Paper Title
Image Caption Generation with Novel Application Domains
Abstract
Generating a natural language description of an image is attracting a lot of interest these days primarily because of its importance in practical applications and also because it connects two major fields of artificial intelligence namely computer vision and natural language processing. Existing approaches are either top-to-down, which starts from a gist of an image and converts it into words, or bottom-to-up, which comes up with words describing various aspects of an image and then combines them. In this paper, an algorithm that uses a top-down approach through a hybrid system with the help of ResNet50 architecture (a multi-layer Convolutional Neural Network (CNN)) for image feature extraction and a Long Short Term Memory (LSTM) to accurately structure meaningful sentences has been employed. The efficiency of our proposed model is showcased using the Flickr 8K dataset. In this experiment, the Flickr 8K dataset was utilized which was found to be generating sensible and accurate captions in a majority of cases. Once the base model for caption generation is made ready, the experiment is further extended into two applications, namely, image retrieval using Pearson’s Correlation Coefficient and text-to-speech conversion for the visually impaired.
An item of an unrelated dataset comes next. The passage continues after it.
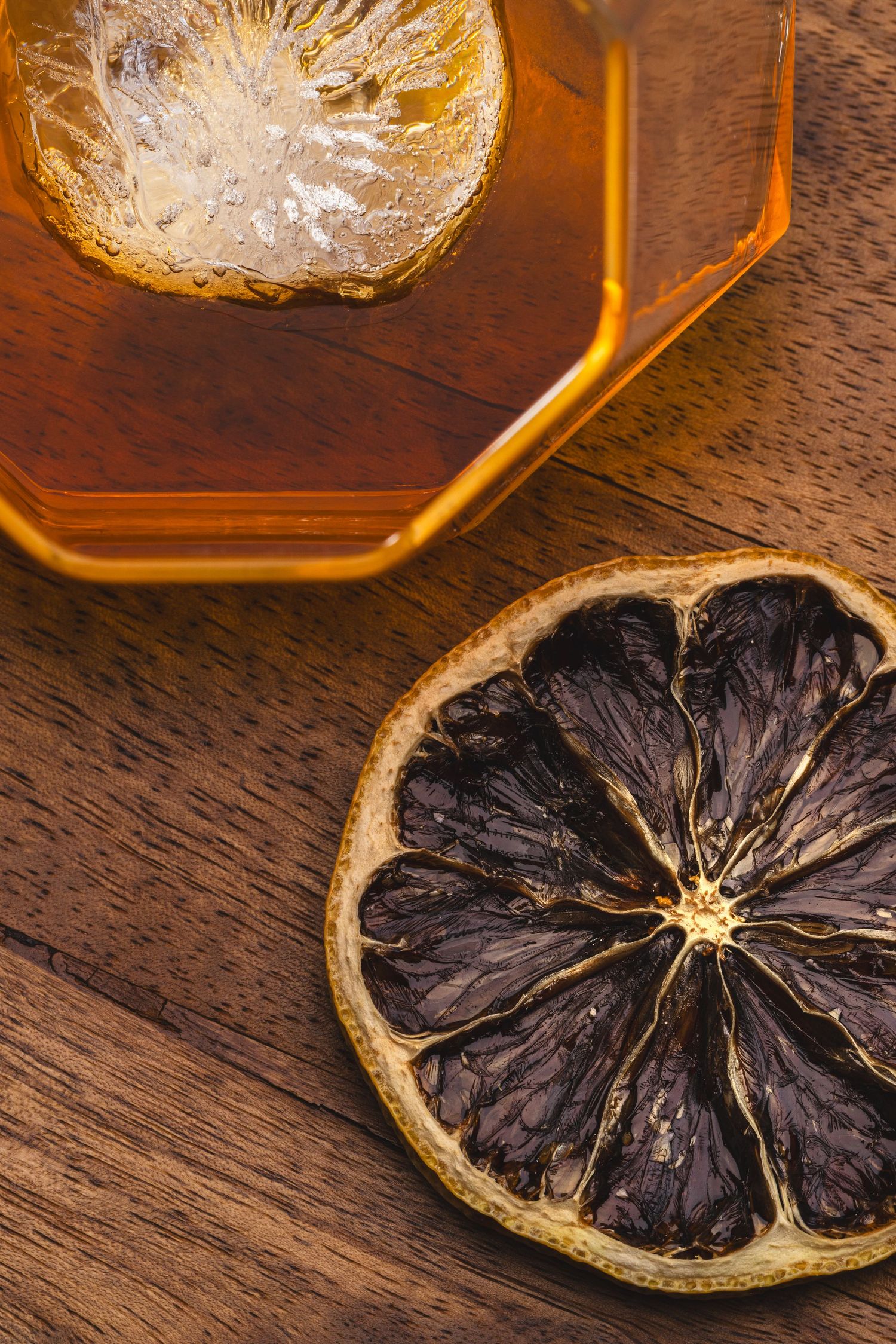 Dried black citrus slice next to a glass of amber liquid on dark wooden surface.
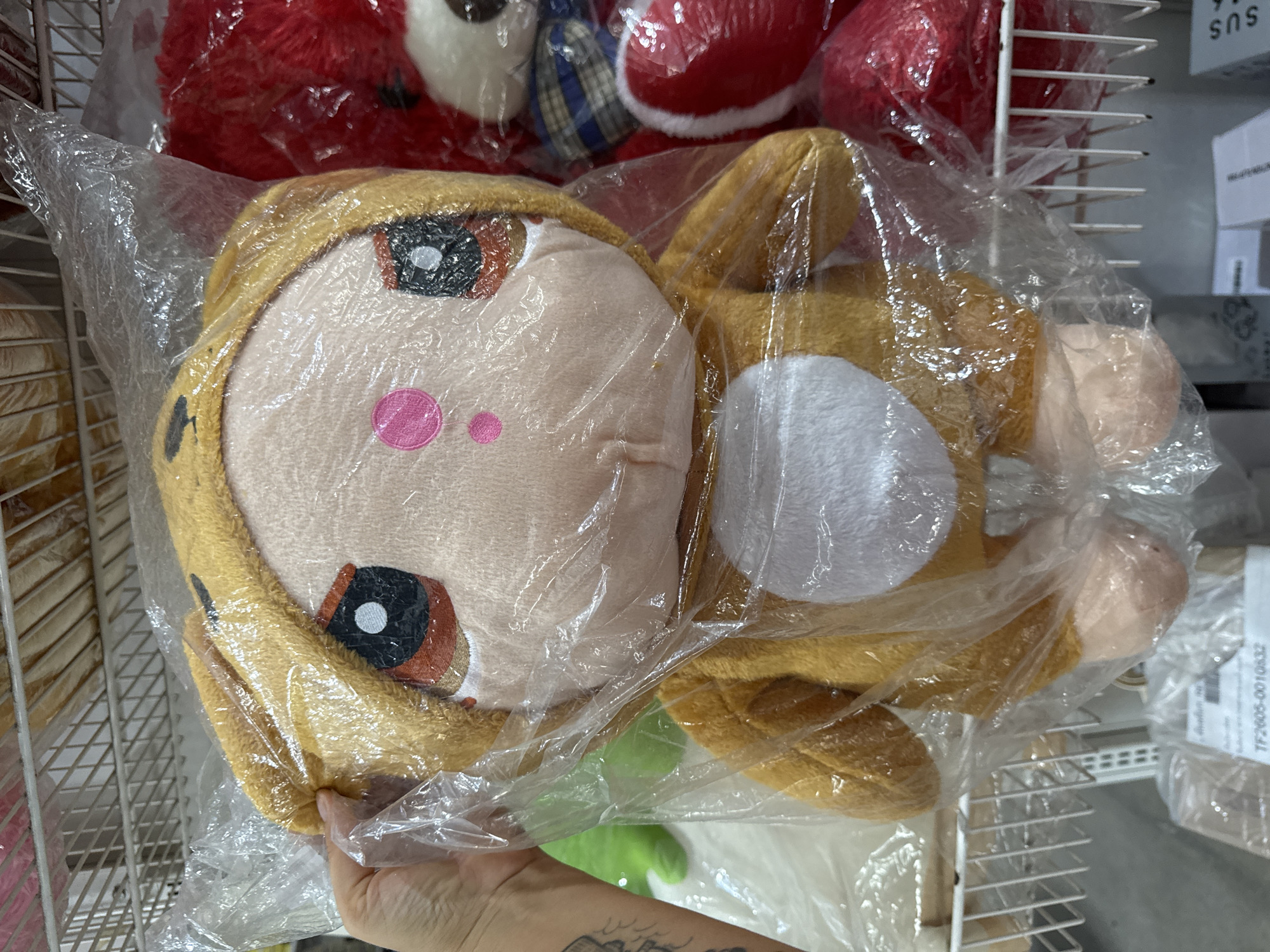 A slightly high-angle, indoor shot shows a plush toy in a clear plastic bag being held by a person with a tattoo on their forearm. The toy, predominantly tan and white, has a cartoonish face with a pink nose and large eyes. Other plush toys, mostly red, are visible in the background on a wire shelf. A printed label with "TF2605-0010632" is visible to the right of the toys. The toys are in Thong Sala, Thailand.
The generated captions are stored in a database. Then an image retrieval system using Pearson's Correlation Coefficient is built which aims at retrieving images from the database that are similar to the query caption using Pearson’s Correlation Coefficient. Apart from this, for our second application, the text of the captions is converted into speech for the visually impaired using google’s TTS API.
Keywords - Image Captioning, Convolutional Neural Networks (CNN), Residual Neural Network (ResNet), Recurrent Neural Network(RNN), Long Short Term Memory (LSTM).